### Data for review

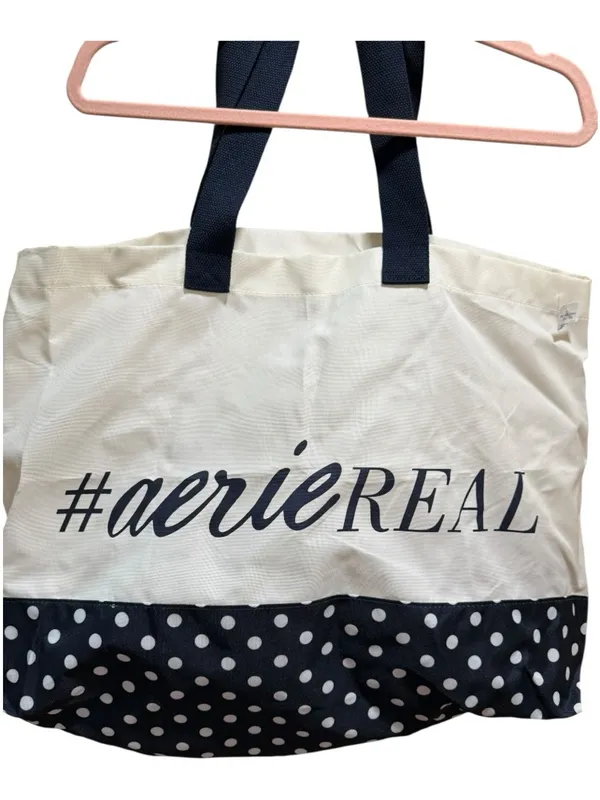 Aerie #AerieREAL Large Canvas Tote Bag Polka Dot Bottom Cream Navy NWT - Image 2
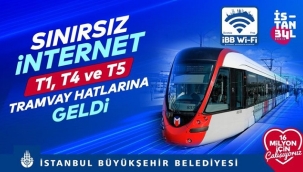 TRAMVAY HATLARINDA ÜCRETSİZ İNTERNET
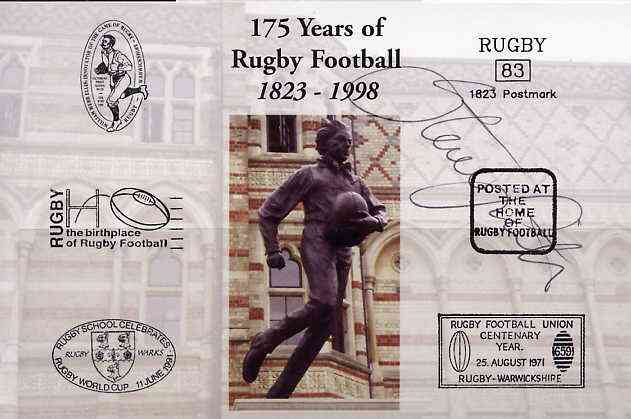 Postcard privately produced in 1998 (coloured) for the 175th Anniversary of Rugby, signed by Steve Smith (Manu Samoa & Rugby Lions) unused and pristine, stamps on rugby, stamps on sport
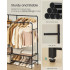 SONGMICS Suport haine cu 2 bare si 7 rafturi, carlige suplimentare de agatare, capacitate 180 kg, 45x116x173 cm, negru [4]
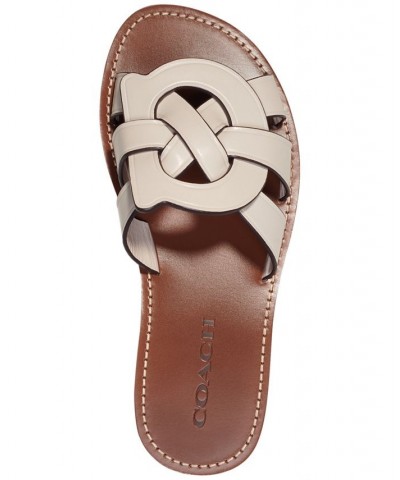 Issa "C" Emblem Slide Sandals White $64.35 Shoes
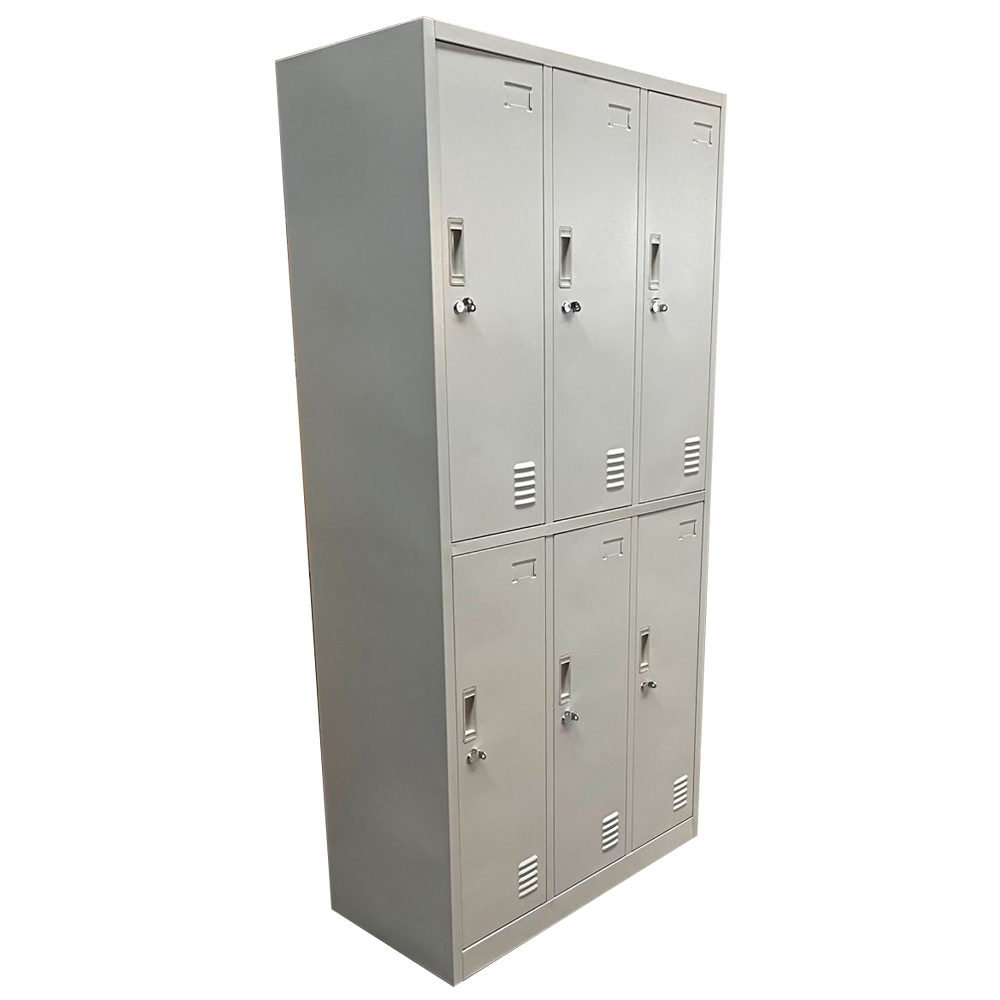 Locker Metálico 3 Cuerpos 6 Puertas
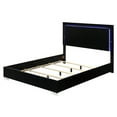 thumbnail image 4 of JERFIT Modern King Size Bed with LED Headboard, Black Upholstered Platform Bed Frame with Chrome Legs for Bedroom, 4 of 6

######
### Data for review

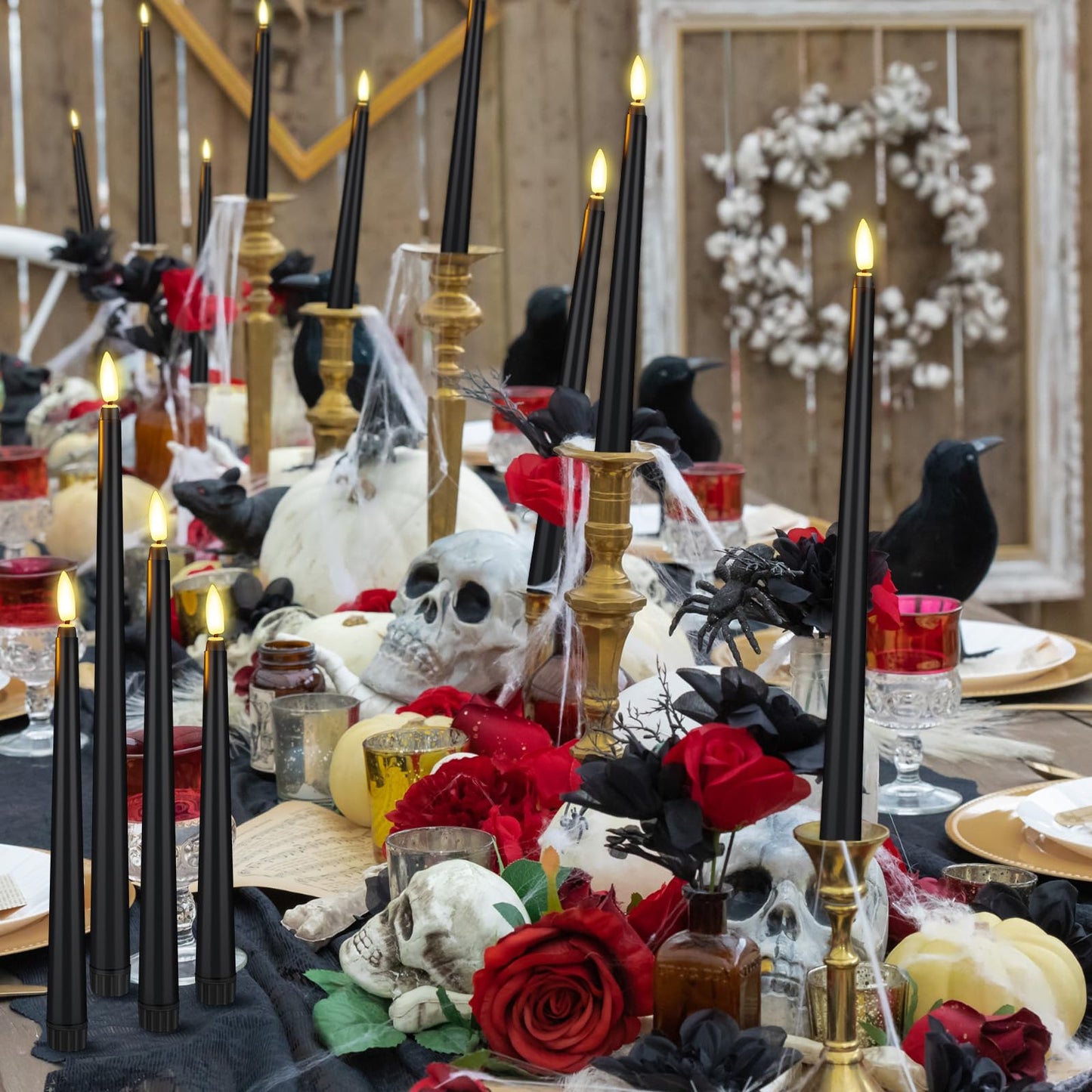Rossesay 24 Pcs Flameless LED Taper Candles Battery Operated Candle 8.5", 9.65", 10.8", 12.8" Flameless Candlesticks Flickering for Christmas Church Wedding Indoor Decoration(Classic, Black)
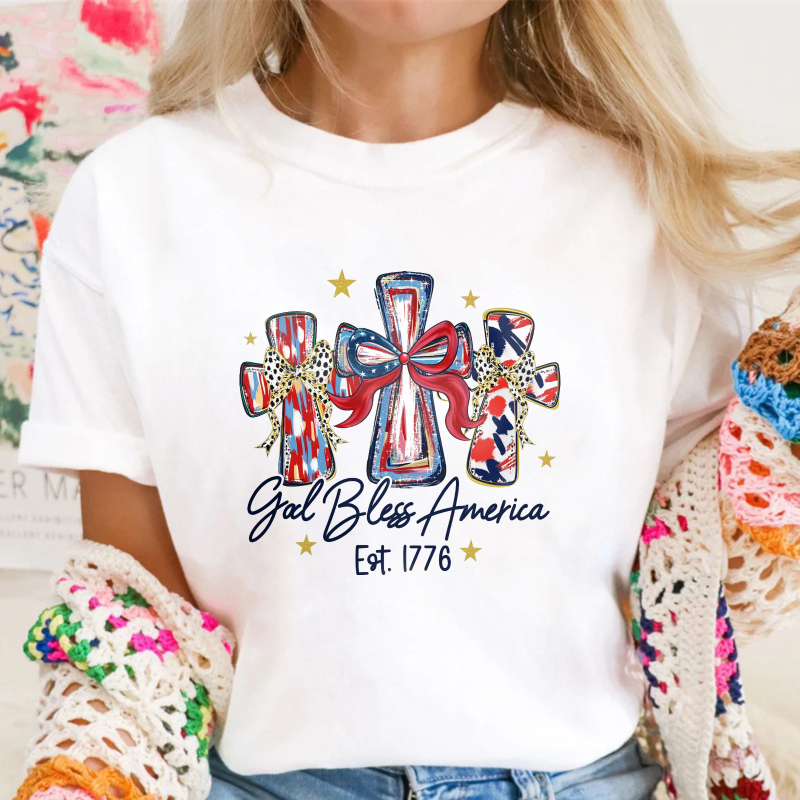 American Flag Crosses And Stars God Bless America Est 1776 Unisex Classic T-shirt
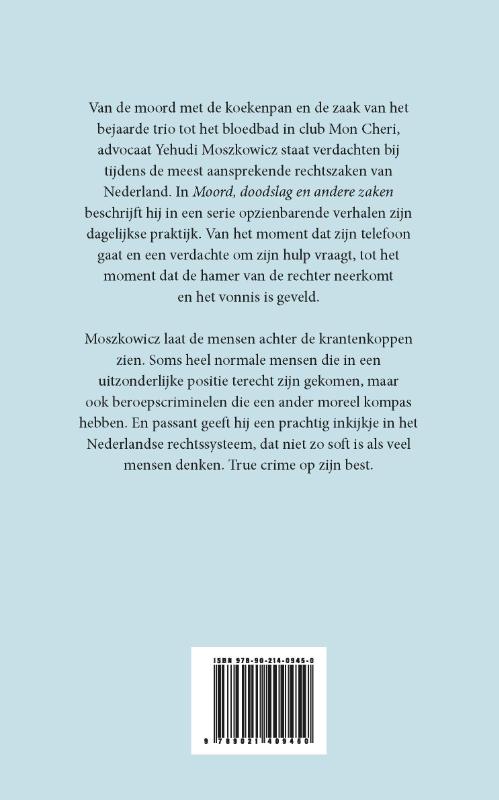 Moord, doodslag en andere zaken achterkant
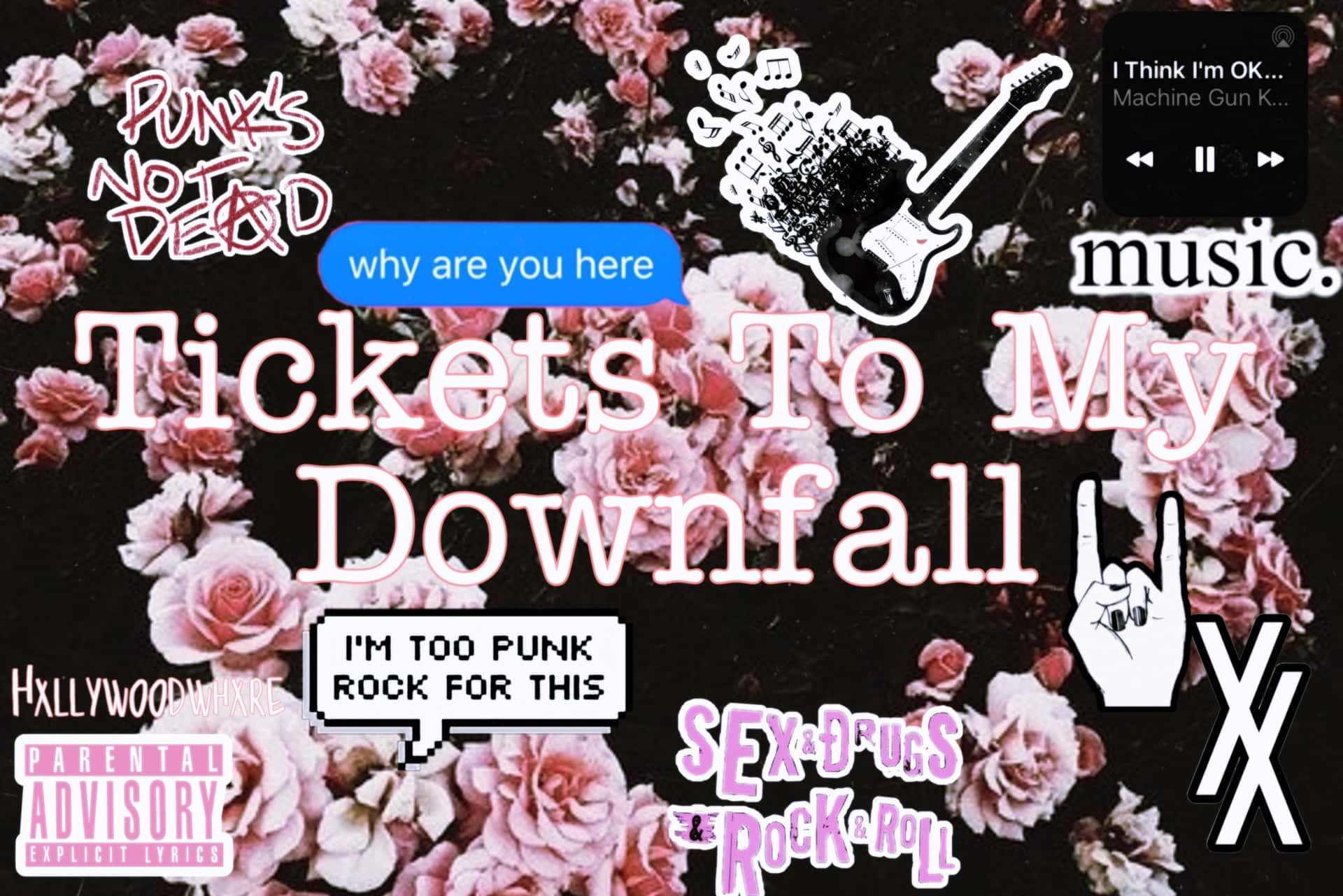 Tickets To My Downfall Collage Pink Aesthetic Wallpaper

######

Copy word for word only the lines above from the one with "Aerie #AerieREAL Large" through the one with "thumbnail image 4". Leave pictures out.

▶ _Result of the task_
 Aerie #AerieREAL Large Canvas Tote Bag Polka Dot Bottom Cream Navy NWT - Image 2
 TRAMVAY HATLARINDA ÜCRETSİZ İNTERNET
 Postcard privately produced in 1998 (coloured) for the 175th Anniversary of Rugby, signed by Steve Smith (Manu Samoa & Rugby Lions) unused and pristine, stamps on rugby, stamps on sport
 SONGMICS Suport haine cu 2 bare si 7 rafturi, carlige suplimentare de agatare, capacitate 180 kg, 45x116x173 cm, negru [4]
 Issa "C" Emblem Slide Sandals White $64.35 Shoes
 Locker Metálico 3 Cuerpos 6 Puertas
 thumbnail image 4 of JERFIT Modern King Size Bed with LED Headboard, Black Upholstered Platform Bed Frame with Chrome Legs for Bedroom, 4 of 6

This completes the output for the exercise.